Rabbi Meir Orlean
Avraham needed 500 iron gates manufactured for a building project. He contracted with Motty’s Metalworks.
“It is important that we receive the gates on time,” said Avraham. “Are you sure that you will be able to deliver that quantity in time? I know it’s tight.”
“Certainly. We take pride in our promptness,” replied Motty. “Our record shows that we manufacture on time.”
“If we do not receive the gates on time, it will cause us significant loss,” Avraham explained. “We need a commitment for timely delivery.”
“We guarantee you timely delivery,” assured Motty. “We are even willing to back it up.”
“The contract stipulates that if you do not provide the gates on time,” said Avraham, “there will be a $50,000 penalty.”
“I’m willing to commit to that,” replied Motty. “We will have the gates ready on time!”
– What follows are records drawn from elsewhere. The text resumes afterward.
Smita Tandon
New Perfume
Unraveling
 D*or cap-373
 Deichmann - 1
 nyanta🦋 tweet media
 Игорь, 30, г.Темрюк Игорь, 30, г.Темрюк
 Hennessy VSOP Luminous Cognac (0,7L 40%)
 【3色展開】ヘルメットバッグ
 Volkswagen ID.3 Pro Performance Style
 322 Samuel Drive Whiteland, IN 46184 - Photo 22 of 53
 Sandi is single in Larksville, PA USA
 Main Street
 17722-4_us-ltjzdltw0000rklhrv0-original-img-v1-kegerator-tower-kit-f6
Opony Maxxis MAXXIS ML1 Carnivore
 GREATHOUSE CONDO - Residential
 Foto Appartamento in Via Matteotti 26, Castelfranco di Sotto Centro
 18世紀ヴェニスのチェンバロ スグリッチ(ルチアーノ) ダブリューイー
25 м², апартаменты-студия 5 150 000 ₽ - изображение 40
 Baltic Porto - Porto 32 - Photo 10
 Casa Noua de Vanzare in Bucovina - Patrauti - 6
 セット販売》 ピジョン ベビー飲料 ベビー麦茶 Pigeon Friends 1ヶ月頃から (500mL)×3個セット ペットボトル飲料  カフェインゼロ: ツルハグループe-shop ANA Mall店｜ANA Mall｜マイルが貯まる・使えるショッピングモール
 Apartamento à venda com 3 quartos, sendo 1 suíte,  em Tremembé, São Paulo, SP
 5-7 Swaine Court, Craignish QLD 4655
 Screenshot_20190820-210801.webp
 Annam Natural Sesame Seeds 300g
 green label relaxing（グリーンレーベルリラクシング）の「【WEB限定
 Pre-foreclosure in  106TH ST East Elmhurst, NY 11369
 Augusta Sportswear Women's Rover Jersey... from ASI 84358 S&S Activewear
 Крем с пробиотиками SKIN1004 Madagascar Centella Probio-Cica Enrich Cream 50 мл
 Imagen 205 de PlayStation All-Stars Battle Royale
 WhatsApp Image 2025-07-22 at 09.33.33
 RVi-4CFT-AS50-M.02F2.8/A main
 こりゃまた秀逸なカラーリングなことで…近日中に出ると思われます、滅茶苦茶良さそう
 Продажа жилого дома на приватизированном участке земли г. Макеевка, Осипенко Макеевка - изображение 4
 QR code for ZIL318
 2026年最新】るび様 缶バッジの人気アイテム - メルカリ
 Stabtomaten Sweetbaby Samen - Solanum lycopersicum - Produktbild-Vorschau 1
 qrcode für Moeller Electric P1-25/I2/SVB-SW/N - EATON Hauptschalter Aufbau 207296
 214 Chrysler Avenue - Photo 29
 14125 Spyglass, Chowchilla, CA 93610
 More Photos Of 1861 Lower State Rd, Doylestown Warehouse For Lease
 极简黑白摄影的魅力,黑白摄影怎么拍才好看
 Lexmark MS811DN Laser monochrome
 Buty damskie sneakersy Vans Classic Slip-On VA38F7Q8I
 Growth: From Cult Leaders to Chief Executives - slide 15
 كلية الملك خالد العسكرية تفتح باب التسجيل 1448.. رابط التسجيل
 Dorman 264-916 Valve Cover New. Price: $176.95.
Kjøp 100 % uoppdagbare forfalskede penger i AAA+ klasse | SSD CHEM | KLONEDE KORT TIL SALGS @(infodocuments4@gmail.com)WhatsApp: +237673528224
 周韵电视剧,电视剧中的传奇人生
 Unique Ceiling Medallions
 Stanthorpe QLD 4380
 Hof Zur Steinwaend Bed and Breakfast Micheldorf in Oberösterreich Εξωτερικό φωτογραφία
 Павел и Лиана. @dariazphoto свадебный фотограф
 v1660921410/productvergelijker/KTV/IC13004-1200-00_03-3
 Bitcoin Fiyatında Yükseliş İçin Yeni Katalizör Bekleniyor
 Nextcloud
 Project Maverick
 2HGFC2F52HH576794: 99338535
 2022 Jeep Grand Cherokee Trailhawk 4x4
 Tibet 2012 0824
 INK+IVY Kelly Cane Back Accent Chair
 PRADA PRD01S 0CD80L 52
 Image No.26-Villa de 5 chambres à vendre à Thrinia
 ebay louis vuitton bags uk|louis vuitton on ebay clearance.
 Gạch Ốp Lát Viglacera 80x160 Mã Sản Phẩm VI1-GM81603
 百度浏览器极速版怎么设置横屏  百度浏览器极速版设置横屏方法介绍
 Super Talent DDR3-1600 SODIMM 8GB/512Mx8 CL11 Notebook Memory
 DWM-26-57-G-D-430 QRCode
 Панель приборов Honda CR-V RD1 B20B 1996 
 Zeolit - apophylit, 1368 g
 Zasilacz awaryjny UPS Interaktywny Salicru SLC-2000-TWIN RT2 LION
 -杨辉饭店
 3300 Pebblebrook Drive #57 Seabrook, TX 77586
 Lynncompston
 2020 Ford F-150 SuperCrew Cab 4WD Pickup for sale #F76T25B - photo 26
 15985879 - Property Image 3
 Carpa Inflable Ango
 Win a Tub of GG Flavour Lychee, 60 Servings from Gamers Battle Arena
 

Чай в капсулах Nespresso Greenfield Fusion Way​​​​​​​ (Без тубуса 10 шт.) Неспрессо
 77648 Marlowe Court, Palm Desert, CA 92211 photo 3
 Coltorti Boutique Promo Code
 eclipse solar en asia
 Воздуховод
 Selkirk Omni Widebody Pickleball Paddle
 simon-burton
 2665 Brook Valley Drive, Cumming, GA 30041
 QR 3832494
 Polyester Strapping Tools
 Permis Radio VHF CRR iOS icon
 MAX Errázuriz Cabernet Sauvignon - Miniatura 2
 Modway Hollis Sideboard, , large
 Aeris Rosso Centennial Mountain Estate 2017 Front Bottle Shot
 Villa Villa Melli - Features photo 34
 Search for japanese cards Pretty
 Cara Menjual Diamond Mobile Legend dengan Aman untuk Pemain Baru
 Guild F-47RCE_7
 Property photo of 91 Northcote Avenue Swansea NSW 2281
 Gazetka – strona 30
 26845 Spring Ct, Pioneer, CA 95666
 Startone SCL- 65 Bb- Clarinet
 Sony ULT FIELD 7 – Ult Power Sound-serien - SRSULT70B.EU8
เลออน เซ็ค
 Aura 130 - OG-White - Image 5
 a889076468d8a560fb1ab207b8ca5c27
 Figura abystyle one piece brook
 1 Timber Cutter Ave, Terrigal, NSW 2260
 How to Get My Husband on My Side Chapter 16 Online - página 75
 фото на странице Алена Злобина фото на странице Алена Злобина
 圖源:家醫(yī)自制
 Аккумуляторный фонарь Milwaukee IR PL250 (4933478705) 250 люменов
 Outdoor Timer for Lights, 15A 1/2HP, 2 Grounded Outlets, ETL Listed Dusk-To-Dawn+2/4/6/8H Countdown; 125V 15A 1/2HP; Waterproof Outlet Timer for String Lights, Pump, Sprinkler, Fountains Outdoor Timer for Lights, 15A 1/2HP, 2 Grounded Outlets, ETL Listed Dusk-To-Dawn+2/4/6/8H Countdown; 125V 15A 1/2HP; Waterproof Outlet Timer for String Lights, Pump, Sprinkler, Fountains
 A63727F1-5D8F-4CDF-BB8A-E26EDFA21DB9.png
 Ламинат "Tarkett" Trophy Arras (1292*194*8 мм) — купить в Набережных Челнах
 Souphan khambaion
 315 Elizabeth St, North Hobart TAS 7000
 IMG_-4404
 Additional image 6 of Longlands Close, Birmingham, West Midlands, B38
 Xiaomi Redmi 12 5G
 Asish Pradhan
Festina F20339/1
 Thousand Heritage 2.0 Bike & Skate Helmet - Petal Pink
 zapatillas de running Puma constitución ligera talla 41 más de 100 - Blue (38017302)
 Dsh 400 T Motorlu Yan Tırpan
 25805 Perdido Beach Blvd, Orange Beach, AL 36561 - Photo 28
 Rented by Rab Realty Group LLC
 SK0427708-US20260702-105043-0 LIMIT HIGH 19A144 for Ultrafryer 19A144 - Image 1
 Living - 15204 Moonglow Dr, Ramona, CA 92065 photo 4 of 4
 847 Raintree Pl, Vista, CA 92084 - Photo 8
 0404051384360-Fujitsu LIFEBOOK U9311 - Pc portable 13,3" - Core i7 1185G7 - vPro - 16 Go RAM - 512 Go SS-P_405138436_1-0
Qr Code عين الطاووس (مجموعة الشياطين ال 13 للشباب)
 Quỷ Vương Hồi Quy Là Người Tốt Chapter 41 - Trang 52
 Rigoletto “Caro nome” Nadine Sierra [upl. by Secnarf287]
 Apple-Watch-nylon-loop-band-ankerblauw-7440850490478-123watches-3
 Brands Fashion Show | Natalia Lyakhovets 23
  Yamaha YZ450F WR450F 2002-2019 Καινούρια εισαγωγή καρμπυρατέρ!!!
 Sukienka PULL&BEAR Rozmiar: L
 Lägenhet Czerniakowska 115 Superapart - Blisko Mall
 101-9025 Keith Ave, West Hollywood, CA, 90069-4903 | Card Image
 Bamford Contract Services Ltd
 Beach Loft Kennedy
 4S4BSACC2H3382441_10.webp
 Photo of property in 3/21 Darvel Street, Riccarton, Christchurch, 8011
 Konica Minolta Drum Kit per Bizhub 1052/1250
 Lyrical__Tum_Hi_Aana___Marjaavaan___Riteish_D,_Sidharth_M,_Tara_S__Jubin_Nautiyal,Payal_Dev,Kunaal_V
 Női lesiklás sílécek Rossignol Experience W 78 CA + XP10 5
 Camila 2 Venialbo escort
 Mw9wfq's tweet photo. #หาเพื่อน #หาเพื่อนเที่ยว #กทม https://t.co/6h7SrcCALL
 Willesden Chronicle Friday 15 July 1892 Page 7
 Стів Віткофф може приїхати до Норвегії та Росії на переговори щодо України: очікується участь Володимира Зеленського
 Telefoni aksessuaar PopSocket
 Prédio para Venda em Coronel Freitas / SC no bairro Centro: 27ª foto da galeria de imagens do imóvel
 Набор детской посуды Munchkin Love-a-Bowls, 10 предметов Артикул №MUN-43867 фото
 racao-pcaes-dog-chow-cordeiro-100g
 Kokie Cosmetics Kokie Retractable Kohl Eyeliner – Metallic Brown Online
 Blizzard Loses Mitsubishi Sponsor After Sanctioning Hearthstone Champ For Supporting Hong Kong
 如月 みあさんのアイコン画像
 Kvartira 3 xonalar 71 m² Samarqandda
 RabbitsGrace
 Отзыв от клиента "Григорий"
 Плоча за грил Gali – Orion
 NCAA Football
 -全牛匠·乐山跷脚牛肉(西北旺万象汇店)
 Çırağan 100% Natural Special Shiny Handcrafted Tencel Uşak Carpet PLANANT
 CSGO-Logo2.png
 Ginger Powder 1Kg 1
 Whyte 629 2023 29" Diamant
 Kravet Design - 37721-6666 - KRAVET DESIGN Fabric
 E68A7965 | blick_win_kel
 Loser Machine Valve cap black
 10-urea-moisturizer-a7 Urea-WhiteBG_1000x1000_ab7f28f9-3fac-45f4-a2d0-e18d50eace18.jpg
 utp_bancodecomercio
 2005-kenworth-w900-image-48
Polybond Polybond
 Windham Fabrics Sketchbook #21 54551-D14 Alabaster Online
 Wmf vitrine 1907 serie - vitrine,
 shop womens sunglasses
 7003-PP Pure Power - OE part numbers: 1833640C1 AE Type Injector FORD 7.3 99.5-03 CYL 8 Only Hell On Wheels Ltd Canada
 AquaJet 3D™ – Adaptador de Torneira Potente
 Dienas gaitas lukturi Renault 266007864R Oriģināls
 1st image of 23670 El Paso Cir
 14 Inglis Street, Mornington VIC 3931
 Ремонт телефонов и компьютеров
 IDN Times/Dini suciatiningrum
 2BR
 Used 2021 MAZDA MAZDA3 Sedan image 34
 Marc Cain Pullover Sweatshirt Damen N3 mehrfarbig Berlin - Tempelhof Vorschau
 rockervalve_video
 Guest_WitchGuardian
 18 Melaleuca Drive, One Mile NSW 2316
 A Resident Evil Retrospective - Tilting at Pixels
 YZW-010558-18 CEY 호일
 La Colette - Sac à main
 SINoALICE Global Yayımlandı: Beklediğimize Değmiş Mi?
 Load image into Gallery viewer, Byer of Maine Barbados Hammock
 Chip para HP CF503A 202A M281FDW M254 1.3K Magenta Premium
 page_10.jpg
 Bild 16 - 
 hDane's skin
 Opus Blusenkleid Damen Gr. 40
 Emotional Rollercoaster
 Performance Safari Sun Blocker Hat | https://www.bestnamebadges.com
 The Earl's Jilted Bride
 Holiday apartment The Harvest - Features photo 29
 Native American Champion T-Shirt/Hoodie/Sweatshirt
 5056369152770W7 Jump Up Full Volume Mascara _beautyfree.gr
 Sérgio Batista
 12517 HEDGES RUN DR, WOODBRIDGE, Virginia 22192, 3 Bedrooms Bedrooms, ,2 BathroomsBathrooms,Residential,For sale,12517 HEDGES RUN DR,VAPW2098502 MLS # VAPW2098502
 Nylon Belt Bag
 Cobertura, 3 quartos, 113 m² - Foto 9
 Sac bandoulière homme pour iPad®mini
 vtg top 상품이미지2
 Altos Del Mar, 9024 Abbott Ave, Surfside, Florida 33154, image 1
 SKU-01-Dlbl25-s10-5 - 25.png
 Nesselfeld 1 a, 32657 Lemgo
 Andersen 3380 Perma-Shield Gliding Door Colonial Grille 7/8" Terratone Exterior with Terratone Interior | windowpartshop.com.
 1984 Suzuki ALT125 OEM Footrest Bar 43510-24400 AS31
Avraham and Motty signed the contract. “To avoid any questions of asmachta (insincere commitment),” said Avraham, “I want the contract and penalty clause confirmed before a beis din with a kinyan” (C.M. 207:15).
“That’s fine with me,” replied Motty.
The production proved more difficult than expected, especially due to the large quantity. By the specified delivery date, Motty’s Metalworks produced and delivered only 60 percent of the gates.
“You didn’t fulfill the contract,” Avraham complained. “You are liable for the $50,000 penalty.”
“We delivered most of the gates,” replied Motty. “The remainder are almost ready. The fine was if we didn’t deliver on time, and we did supply most of the gates.”
“You breached the contract,” replied Avraham. “You were required to provide all 500 gates on time. If even a single one was not delivered, you owe us the penalty.
“That’s not logical,” replied Motty. “Why should we pay a hefty penalty for delay of a single unit?!”
“If you’re not willing to pay the full penalty, I have no choice but to sue you,” said Avraham. “I emphasized from the outset that time was of the essence.”
Avraham sued Motty before Rabbi Dayan’s beis din. “Motty committed to a $50,000 fine if he did not deliver on time,” summarized Avraham. “He provided only 60 percent of the units on time. Does he have to pay the penalty?”
“The Gemara (B.M. 104b) addresses the case of a sharecropper who committed to paying the land owner a very large sum if he left the field fallow,” replied Rabbi Dayan. “He left a third of the field fallow. The Gemara states that he would be liable for a third of the sum were it not for the exemption of asmachta.
“Taz (C.M. 73:8; Y.D. 238:11) derives from this that when the penalty clause is valid, one is liable proportionally to his breach of contract,” continued Rabbi Dayan. “A borrower promised to pay by a certain date and pledged a sum to charity if he didn’t pay, but paid only half the debt. Taz ruled that he is liable for half the pledge, proportional to what he didn’t pay.”
“This seems relevant to us,” said Motty.
“Indeed. A person contracted to supply a quantity of produce by a certain date, and if not, to pay a penalty,” replied Rabbi Dayan. “He supplied only part, and Divrei Geonim (86:9) ruled that he must pay the penalty proportionally.
“Similarly, someone promised his friend a certain sum if he succeeded in collecting a debt. The friend succeeded partially, and Rav Pe’alim (C.M. 2:11) ruled that he is entitled to a proportional amount of the reward.”
“So how much must Motty pay?” asked Avraham.
“Motty must pay $20,000 of the penalty, proportionate to the 40 percent of units not delivered on time,” answered Rabbi Dayan. “Nonetheless, Taz, Divrei Geonim and Rav Pe’alim all conclude that if the penalty clause is so formulated that it is imposed for any breach of contract or requires full performance, the fine would apply completely, not only proportionately” (Pischei Choshen, Halva’ah 2:).